- [Aim of the exercise]
Copy out all of the data word for word. Omit every picture.
[[ Available data, beginning ]]
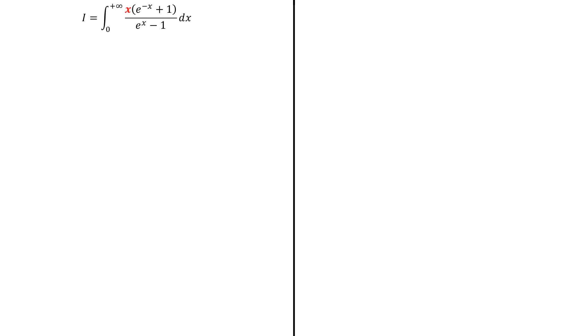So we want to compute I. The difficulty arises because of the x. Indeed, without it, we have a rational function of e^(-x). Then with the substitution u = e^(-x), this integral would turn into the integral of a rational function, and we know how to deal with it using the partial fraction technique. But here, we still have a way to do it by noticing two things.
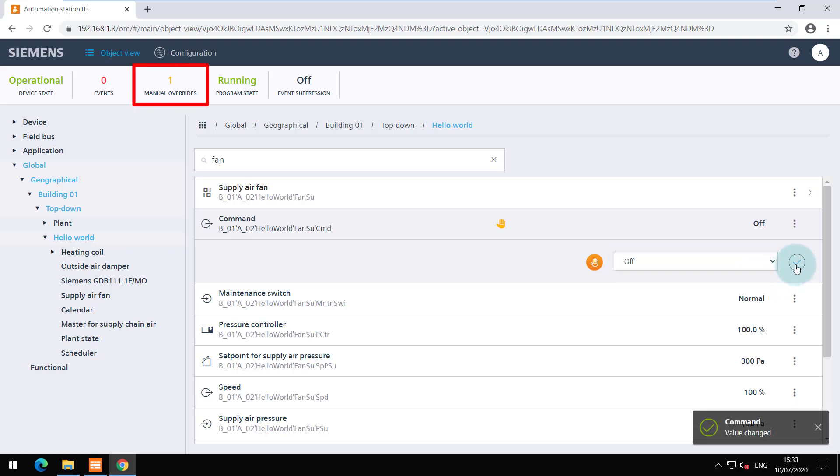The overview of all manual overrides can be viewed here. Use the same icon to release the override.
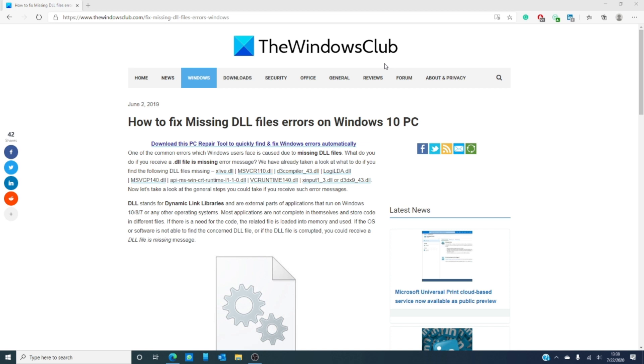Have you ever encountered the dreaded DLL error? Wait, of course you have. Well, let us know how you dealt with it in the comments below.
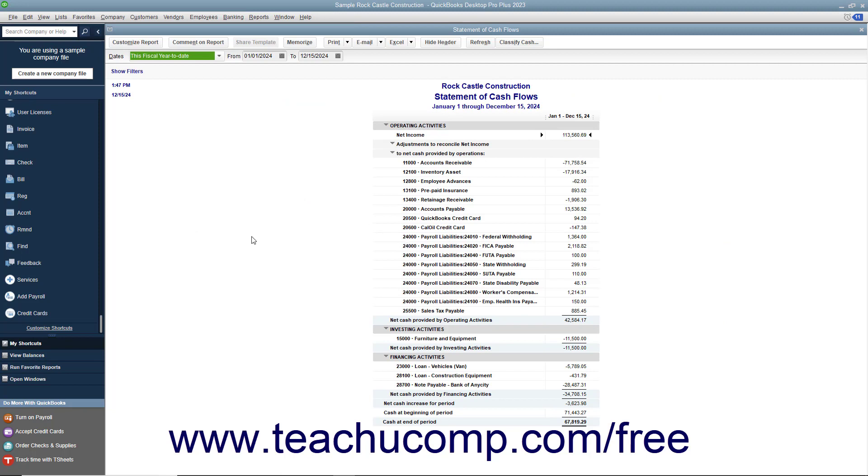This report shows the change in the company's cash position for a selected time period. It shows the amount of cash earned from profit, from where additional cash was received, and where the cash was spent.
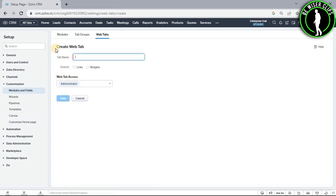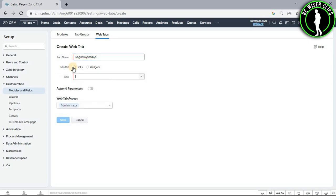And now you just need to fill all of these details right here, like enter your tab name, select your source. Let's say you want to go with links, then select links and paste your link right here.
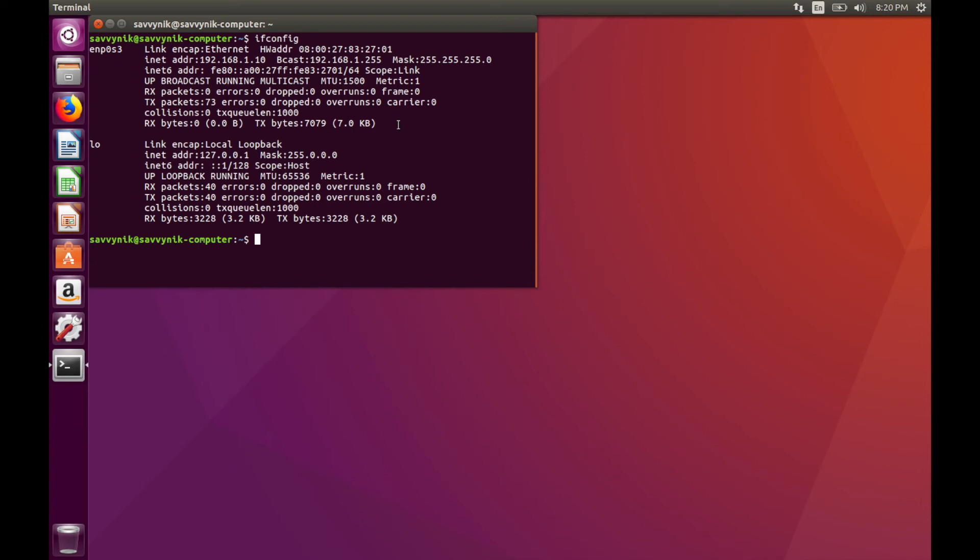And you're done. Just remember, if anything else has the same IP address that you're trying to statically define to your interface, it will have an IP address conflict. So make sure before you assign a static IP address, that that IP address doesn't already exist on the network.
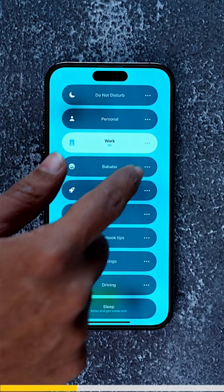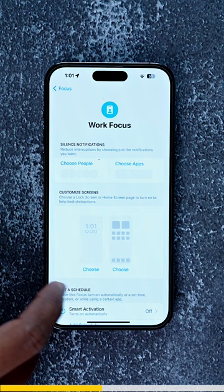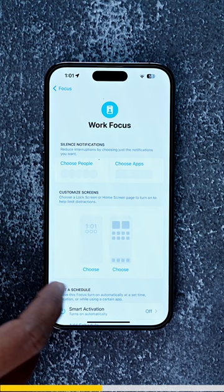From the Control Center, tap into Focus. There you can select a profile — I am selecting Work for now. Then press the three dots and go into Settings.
[[ Available data, end ]]
- [Exercise result]
So we want to compute I. The difficulty arises because of the x. Indeed, without it, we have a rational function of e^(-x). Then with the substitution u = e^(-x), this integral would turn into the integral of a rational function, and we know how to deal with it using the partial fraction technique. But here, we still have a way to do it by noticing two things.
The overview of all manual overrides can be viewed here. Use the same icon to release the override.
Have you ever encountered the dreaded DLL error? Wait, of course you have. Well, let us know how you dealt with it in the comments below.
This report shows the change in the company's cash position for a selected time period. It shows the amount of cash earned from profit, from where additional cash was received, and where the cash was spent.
And now you just need to fill all of these details right here, like enter your tab name, select your source. Let's say you want to go with links, then select links and paste your link right here.
And you're done. Just remember, if anything else has the same IP address that you're trying to statically define to your interface, it will have an IP address conflict. So make sure before you assign a static IP address, that that IP address doesn't already exist on the network.
From the Control Center, tap into Focus. There you can select a profile — I am selecting Work for now. Then press the three dots and go into Settings.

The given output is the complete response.